We say that an algorithm \(\mathcal{A}\) is no-regret if \(\forall \ell_1 \ldots \ell_T \ldots \in [0,1]\) with \(\textbf{p}^t \in \Delta_n\) chosen as \(\textbf{p}^t \leftarrow \mathcal{A}(\ell_1,\ldots,\ell_{t-1})\)
\[\frac{1}{T} \left( \sum_{t=1}^T{\textbf{p}^t \cdot \boldsymbol{\ell}^t} - \min_{p\in \Delta_n}{\sum_{t=1}^{T}{\textbf{p} \cdot \boldsymbol{\ell}^t}} \right) = \epsilon_T = O(1)\]-
\[\min_{p\in \Delta_n}{\sum_{t=1}^{T}{\textbf{p}^t \cdot \boldsymbol{\ell}_t}} = \min_{i=1\ldots n}{\sum_{t=1}^{T}{\textbf{e}_i \cdot \boldsymbol{\ell}^t}}\] -
- EWA is as no-regret algorithm with \(\epsilon_T \leq \frac{\log N + \sqrt{2 T \log N}}{T} = \frac{\log N}{T} + \sqrt{\frac{2\log N}{T}}\)
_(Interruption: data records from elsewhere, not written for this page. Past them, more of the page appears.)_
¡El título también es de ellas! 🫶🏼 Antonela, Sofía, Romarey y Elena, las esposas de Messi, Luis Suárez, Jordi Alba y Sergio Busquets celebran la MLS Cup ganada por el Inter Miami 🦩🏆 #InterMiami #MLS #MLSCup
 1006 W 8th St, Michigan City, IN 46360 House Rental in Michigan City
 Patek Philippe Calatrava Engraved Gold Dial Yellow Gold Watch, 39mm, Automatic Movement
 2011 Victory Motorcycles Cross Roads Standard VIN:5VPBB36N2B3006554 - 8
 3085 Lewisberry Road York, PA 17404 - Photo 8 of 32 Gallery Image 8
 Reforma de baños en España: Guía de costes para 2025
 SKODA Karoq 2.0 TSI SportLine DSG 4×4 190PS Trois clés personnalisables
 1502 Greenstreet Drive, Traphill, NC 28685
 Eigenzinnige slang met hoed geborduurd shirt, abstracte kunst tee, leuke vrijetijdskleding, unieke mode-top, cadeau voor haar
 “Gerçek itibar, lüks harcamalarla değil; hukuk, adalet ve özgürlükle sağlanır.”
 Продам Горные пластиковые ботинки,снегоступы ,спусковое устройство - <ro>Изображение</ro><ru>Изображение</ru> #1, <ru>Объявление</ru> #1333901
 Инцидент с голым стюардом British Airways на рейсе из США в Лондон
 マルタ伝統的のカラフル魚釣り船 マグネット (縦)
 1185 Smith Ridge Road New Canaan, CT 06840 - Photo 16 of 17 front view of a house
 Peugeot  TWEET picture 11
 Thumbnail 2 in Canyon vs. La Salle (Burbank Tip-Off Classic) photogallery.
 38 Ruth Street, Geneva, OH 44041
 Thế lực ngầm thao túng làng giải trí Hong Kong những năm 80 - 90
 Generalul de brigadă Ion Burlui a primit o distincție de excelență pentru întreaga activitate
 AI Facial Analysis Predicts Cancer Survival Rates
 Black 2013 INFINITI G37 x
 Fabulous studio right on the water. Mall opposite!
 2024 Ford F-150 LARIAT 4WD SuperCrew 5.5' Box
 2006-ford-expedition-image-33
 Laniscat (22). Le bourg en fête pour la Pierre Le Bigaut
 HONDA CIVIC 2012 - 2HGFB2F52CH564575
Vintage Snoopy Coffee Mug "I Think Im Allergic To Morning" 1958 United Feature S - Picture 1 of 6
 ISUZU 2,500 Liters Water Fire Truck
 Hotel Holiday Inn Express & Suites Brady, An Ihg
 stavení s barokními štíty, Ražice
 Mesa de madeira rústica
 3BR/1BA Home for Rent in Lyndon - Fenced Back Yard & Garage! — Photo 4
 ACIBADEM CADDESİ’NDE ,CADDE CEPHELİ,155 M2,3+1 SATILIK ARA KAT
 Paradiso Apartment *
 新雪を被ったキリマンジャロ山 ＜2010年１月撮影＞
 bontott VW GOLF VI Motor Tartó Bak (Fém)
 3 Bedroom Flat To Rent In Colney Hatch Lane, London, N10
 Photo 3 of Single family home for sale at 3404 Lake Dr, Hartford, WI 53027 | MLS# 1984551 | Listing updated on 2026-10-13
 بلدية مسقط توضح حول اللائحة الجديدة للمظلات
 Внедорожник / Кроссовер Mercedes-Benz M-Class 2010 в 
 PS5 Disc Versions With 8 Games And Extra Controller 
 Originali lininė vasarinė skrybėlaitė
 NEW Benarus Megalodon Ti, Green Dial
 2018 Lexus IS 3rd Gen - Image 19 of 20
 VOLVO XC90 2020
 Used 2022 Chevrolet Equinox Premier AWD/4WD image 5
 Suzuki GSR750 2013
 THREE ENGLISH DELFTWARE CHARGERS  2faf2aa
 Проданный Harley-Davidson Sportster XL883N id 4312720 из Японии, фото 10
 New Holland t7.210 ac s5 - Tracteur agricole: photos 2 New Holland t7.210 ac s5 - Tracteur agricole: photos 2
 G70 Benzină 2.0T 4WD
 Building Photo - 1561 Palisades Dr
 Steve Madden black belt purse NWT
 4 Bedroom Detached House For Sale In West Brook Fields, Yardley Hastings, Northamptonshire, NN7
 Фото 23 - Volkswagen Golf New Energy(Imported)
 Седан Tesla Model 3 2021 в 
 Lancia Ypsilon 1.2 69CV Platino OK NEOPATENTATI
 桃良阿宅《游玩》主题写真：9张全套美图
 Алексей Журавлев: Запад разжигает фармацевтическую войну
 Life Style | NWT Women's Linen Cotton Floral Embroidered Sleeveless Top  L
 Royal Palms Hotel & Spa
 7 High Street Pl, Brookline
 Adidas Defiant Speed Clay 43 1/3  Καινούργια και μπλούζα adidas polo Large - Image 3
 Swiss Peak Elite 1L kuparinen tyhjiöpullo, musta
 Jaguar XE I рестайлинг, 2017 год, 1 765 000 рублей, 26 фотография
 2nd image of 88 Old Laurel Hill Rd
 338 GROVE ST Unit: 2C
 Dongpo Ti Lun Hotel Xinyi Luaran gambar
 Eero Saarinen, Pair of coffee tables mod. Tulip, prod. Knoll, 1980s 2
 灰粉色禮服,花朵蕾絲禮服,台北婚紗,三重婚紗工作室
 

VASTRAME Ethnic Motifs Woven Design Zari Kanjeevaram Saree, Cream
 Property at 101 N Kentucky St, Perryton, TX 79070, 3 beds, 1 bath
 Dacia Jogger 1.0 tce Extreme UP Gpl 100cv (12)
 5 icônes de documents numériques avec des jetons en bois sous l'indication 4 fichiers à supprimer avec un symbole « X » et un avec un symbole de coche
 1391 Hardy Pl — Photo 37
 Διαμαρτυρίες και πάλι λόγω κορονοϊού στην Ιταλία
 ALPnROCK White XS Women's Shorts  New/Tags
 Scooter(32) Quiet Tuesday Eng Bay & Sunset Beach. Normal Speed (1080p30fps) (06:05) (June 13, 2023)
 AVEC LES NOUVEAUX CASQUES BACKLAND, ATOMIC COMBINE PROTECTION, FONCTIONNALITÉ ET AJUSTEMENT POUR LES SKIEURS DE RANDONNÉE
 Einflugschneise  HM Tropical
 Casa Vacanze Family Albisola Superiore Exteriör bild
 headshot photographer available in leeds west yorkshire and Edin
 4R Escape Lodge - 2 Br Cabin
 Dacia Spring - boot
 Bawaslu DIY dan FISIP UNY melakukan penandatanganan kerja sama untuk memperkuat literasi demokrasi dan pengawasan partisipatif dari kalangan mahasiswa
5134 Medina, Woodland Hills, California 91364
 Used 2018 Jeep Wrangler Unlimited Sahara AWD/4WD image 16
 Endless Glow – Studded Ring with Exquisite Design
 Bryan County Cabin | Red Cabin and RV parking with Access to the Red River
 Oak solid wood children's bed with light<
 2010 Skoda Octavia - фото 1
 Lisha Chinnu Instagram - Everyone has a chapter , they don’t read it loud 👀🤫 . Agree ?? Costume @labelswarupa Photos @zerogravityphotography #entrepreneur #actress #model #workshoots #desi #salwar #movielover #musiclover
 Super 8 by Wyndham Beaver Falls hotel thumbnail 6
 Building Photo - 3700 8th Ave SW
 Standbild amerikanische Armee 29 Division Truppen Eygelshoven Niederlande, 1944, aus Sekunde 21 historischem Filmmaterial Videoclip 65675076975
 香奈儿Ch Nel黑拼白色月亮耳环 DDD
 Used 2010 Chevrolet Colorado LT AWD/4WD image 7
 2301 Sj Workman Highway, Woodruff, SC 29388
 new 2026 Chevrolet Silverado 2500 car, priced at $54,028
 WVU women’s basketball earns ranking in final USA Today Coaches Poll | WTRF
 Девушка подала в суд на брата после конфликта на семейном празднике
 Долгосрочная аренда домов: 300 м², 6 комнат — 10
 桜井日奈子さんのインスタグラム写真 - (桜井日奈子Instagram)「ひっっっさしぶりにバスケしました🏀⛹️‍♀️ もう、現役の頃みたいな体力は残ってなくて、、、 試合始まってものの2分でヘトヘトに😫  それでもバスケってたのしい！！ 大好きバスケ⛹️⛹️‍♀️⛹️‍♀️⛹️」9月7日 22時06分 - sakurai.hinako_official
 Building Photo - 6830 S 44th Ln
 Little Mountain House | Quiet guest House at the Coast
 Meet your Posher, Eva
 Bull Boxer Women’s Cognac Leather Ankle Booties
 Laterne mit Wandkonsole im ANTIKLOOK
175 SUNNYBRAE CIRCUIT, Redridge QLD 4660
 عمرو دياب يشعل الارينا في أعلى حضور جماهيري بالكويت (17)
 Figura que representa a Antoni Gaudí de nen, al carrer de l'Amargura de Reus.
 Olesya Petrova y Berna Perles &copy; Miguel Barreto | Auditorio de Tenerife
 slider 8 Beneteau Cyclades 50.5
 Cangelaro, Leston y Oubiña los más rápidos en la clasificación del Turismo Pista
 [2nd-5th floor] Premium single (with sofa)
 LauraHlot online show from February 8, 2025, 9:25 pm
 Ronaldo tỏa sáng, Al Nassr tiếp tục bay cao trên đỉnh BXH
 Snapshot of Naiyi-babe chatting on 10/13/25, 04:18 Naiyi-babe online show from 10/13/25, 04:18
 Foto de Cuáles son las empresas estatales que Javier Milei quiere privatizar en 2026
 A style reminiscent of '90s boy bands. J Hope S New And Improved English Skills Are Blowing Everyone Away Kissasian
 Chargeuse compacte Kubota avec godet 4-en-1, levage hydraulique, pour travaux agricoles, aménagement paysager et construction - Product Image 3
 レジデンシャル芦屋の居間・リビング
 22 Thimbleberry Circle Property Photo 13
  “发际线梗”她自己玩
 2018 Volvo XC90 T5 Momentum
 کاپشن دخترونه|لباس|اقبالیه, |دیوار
- No regret algorithm performs well even in worst case ( e.g. loss chosen against p )
No-Regret Happy theorem
Let \(M\) be \(\mathbb{R}^{n\times m},\,\, \mathcal{A}\) be a no-regret algorithm.
For \(t = 1 \ldots T\),
- \(\textbf{p}^t\) is chosen as \(\mathcal{A}(\ell_1,\ldots,\ell_{t-1}), \text{ where } \ell_s = Mq_s (s = 1\ldots t-1)\)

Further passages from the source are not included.